|
|
|
|
|
by zackmorris
957 days ago
|
|
I'd like to know who originally put incompatible types of plastic under the same number, which contaminates recycling runs. Like PET/PETE under "1" and injection-molded/blow-molded HDPE under "2": https://www.warwickri.gov/sanitation-recycling/faq/why-cant-... Many cities have banned recycling the most commonly used plastics, like plastic water bottles made of 1 (PET). Where I live, 1 and 2 get recycled, 3 (PVC) gets thrown in a landfill and 4-7 get sent to a separate refinery which converts them to diesel fuel. Not to mention that there seems to be no standard on the legibility of the number. How many people reading this have thought about automating recycling by having machine learning sort the types? Yet I've never seen "recycling engineer" as a job title. Nor have I seen any grants for improving recycling. Nor any corporations/billionaires making recycling a priority.

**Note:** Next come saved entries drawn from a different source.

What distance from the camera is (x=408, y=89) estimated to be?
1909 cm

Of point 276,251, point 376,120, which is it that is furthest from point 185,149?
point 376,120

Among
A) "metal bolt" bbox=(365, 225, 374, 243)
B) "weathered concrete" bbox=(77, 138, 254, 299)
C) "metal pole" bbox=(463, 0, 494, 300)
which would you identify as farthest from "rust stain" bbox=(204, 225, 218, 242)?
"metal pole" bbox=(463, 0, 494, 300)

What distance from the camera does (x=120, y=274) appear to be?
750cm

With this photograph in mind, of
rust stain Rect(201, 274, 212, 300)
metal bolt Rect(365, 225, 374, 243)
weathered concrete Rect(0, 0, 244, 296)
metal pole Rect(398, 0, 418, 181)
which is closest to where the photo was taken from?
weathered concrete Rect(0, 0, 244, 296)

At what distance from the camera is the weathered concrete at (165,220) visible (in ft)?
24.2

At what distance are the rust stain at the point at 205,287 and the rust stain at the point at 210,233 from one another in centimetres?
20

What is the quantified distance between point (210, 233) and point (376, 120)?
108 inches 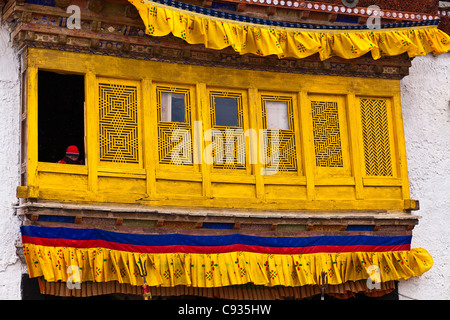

There have even been TV shows by prominent celebrities pushing propaganda against recycling, like the Penn & Teller: Bullsh*t! episode from the post Dot Bomb luddite era of 2004: https://www.imdb.com/title/tt0771119/ We're willing to drink a protein that can degrade plastic before we're willing to hold industry accountable for the waste it produces? |
|
It's window-dressing so the industry can shift attention away from limiting production of something that shouldn't see anywhere near the widespread use it does.
The same is true of the stories you see all the time about some group or person doing a beach cleanup. It casts the problem as the fault of people dumping the stuff, while pretending like it's a solvable problem, if only we had enough people rummaging around cleaning up beaches, parks, ocean bays, fields, hiking trails, abandoned properties, etc.